> Stored data:
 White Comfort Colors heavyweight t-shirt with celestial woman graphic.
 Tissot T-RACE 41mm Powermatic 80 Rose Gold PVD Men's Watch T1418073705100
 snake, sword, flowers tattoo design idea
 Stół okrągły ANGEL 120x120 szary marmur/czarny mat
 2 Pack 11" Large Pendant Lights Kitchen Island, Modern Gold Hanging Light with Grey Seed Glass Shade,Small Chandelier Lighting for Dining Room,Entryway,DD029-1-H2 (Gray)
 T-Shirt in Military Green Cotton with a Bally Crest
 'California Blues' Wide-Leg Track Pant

...

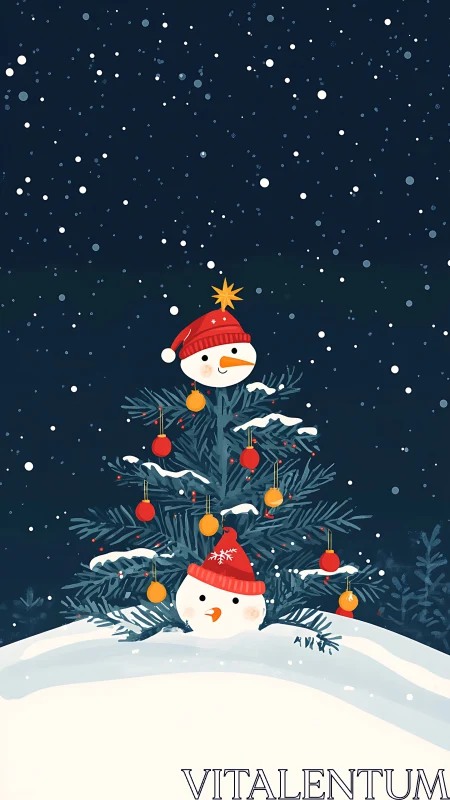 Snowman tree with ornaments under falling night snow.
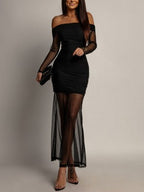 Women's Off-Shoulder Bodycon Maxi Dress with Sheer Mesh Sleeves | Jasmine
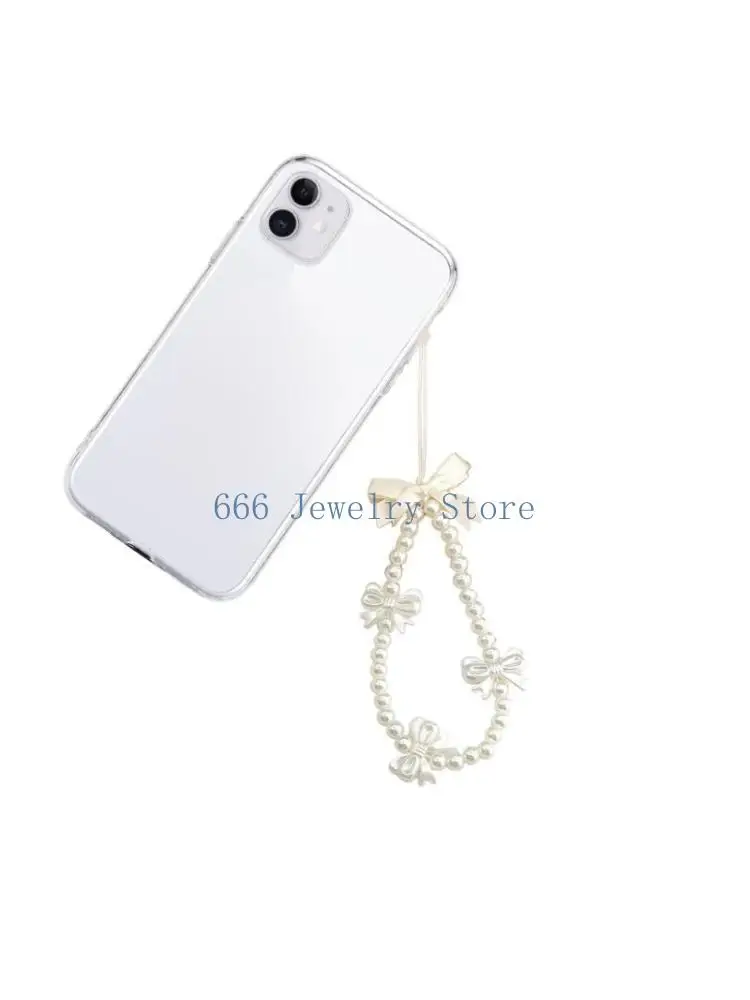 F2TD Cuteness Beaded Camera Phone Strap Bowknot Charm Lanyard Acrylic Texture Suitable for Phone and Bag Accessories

--

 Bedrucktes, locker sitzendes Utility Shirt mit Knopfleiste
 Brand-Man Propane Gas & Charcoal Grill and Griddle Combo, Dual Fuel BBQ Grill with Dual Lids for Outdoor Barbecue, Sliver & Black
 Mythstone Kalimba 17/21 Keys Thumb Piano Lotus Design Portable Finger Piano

> Task item:
From the entries above, copy each line that holds "Gold".

> Solved exercise:
 Tissot T-RACE 41mm Powermatic 80 Rose Gold PVD Men's Watch T1418073705100
 2 Pack 11" Large Pendant Lights Kitchen Island, Modern Gold Hanging Light with Grey Seed Glass Shade,Small Chandelier Lighting for Dining Room,Entryway,DD029-1-H2 (Gray)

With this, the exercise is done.